Please write out every line of the listing without alteration, but omit the images.

## Supplied material
=-=-=-=-=

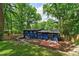 Backyard featuring a lush lawn, patio, and a view of the home's unique blue exterior at 3348 Lynnray Dr, Atlanta, GA 30340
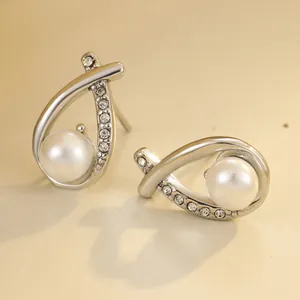 Elegant silver cross earrings with shimmering pearls and sparkling cubic zirconia stones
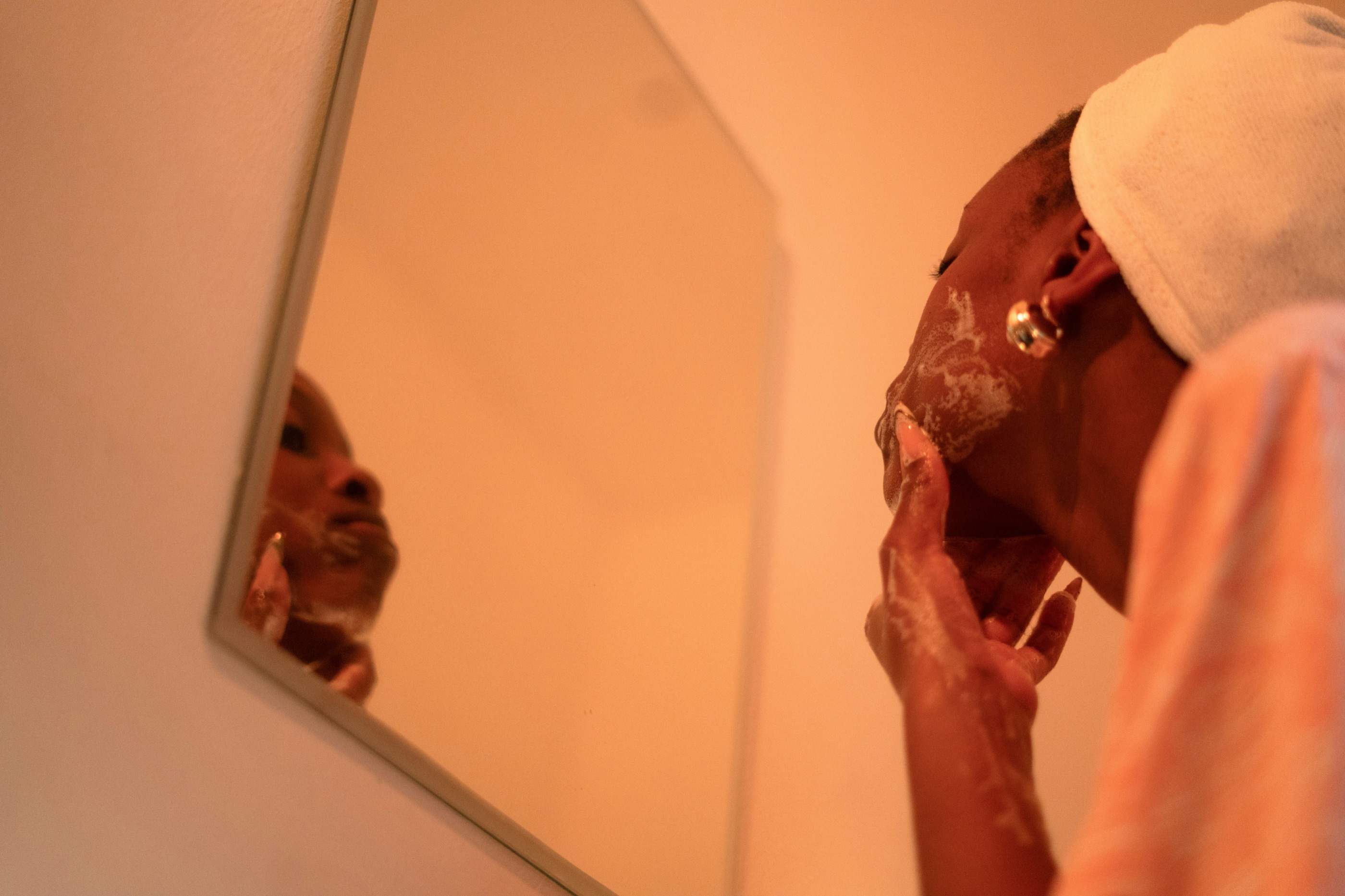 A man spreading shaving foam along his jaw while looking into a mirror, in warm orange light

=-=-=-=-=

## Solution to the problem
 Backyard featuring a lush lawn, patio, and a view of the home's unique blue exterior at 3348 Lynnray Dr, Atlanta, GA 30340
 Elegant silver cross earrings with shimmering pearls and sparkling cubic zirconia stones
 A man spreading shaving foam along his jaw while looking into a mirror, in warm orange light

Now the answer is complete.